Research on manufacturing systems is further enriched and becomes stronger looking at the papers which had been proposed for 48th North American Manufacturing Research Conference (NAMRC 48). NAMRC 48 scheduled for June 2020 was collocated with MSEC2020/LEM&P, and coordinated by the Conference Coordinating Committee (CCC) involving the host, NAMRI, ASME and JSME. The final recommendation made by CCC was to cancel NAMRC 48 and the collocated conferences after careful assessment of the occurring situation. Discussions started in late February and March 2020 on the impact of the COVID-19 pandemic on attendance at NAMRC 48. Concern for the safety of attendees as well as the impact on attendance prompted discussions to the cancellation of the conference. Carefully considering the situation NAMRI Board and NAMRI Scientific Committee assessed that the reported scientific outputs of authors deserved timely dissemination to be on the cutting edge, maximizing the impact of their research despite this difficult time.
Advancing manufacturing systems is playing a fundamental and strategic role within the framework of Industry 4.0 environment. The effective management of information and data generated at the single machine level through sensors can lead to relevant improvement in the production as quality and robustness are regarded. In this way, manufacturing has to be looked at in synergy with further disciplines as applied statistics, data analytics, computer systems and so on.
Moreover, the introduction in the production shop floor of the most recent manufacturing technologies definitively requires specific innovative solutions at the production system level in order to maximize performances in quality and effectiveness of products, agility in production, short response time to market evolutions, and profitable margins. This special issue titled “New Trends in Manufacturing Systems Research 2020” brings to readers the state-of-the-art and the latest achievements highlighted at NAMRC 48. Five quality papers are selected from NAMRC 48 for inclusion in this special issue and their synopses are provided below.
In the first paper titled “Efficiently registering scan point clouds of 3D printed parts for shape accuracy assessment and modeling” potential pitfalls that can be encountered when applying Iterative Closest Point (ICP) algorithm for assessment of dimensional accuracy of AM parts are evaluated. These challenges are then illustrated using simulated data. Each of these registration errors was shown to be significant enough to noticeably affect the measured deviations. An efficient and practical method to address several of these errors based on engineering informed assumptions is then presented. Both the proposed method and traditional unconstrained ICP are used to produce alignments of real and simulated measurement data. A real designed experiment was conducted to compare the results obtained by the two registration methods using a linear mixed effects modeling approach.
The second paper titled “Using augmented reality to build digital twin for reconfigurable additive manufacturing system” describes a methodology of using augmented reality (AR) technique to conveniently communicate the layout information between a reconfigurable AM system made of robotic arms and its corresponding digital twin for toolpath planning and simulation. A prototype system made of two desktop AM robotic arms is developed, and transformation matrices are derived to determine the spatial relation between different items in the system, including camera, markers, robotic arms and part substrate. Case studies are conducted to demonstrate the capability of this methodology in automatically retrieving layout information and assisting users to deploy pre-determined layout.

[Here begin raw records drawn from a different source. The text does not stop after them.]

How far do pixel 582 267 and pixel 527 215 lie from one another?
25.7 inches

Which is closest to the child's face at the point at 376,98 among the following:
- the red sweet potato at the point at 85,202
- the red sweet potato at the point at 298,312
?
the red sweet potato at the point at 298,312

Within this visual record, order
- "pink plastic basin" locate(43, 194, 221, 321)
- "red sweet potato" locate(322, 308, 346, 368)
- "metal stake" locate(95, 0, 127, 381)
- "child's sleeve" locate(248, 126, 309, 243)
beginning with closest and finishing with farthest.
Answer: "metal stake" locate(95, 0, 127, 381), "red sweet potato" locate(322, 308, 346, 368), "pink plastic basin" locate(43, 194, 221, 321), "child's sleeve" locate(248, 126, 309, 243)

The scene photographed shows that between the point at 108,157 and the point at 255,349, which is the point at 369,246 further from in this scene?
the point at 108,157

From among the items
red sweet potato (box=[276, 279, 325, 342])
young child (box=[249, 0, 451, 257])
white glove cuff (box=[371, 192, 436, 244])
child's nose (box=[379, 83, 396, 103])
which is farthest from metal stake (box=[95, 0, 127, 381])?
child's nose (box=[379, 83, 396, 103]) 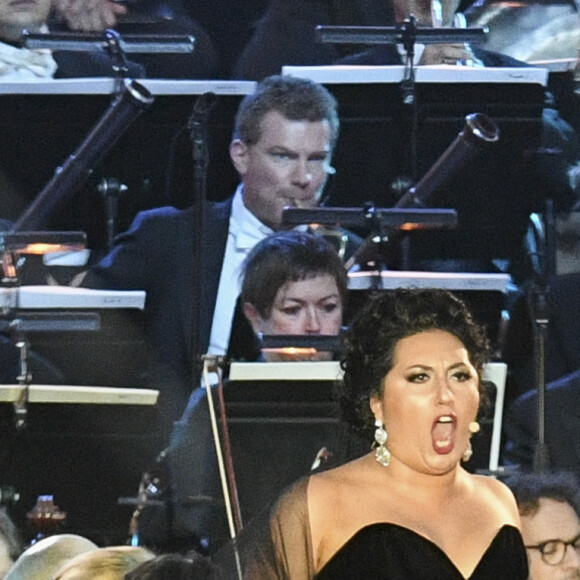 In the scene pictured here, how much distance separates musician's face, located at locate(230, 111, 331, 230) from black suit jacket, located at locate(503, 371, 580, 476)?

The third paper titled “Transferable two-stream convolutional neural network for human action recognition” presents an integrated method based on optical flow and convolutional neural network (CNN)-based transfer learning to, from one side, effectively leverage the temporal information of human motion to improve the performance of action recognition and to obtain large volume of training data. In the proposed approach optical flow images, which encode the temporal information of human motion, are extracted and serve as the input to a two-stream CNN structure for simultaneous parsing of spatial-temporal information of human motion. Then, transfer learning is investigated to transfer the feature extraction capability of a pretrained CNN to manufacturing scenarios.
The fourth paper titled “Image-based flight control of unmanned aerial vehicles (UAVs) for material handling in custom manufacturing” introduces an approach for and the challenges in employing unmanned aerial vehicles (UAVs) for material handling in the emerging industrial custom manufacturing environments. A pose estimation method that employs just a single camera onboard with a UAV, together with multiple ArUco markers positioned strategically over the shop-floor, is implemented to track the real-time location of a UAV. A Kalman filter is applied to mitigate noise effects for pose estimation.
The fifth paper titled “On-line model identification for the machining process based on multirate process data” proposes to improve the identification of the model parameters of the machining process based on on-line process data by using both in-process and postprocess data and by analyzing the identifiability of model parameters. The identification of the model parameters based on multi-rate output is formulated using the maximum-likelihood estimation and the Fisher information matrix for a multi-rate-sampled system is derived to study the identifiability of model parameters. A strategy is developed to improve accuracy and robustness of the model identification considering the identifiability.
Finally, we wish to take this opportunity to thank all the authors for their scientific contributions to this special issue, and for complying with referees’ comments in revising their manuscripts. Through this special issue, we would like to share some insight on the latest advancements in manufacturing systems research along with some of the accompanying challenges, and hope to open doors for new research ideas and achievements in the years to come.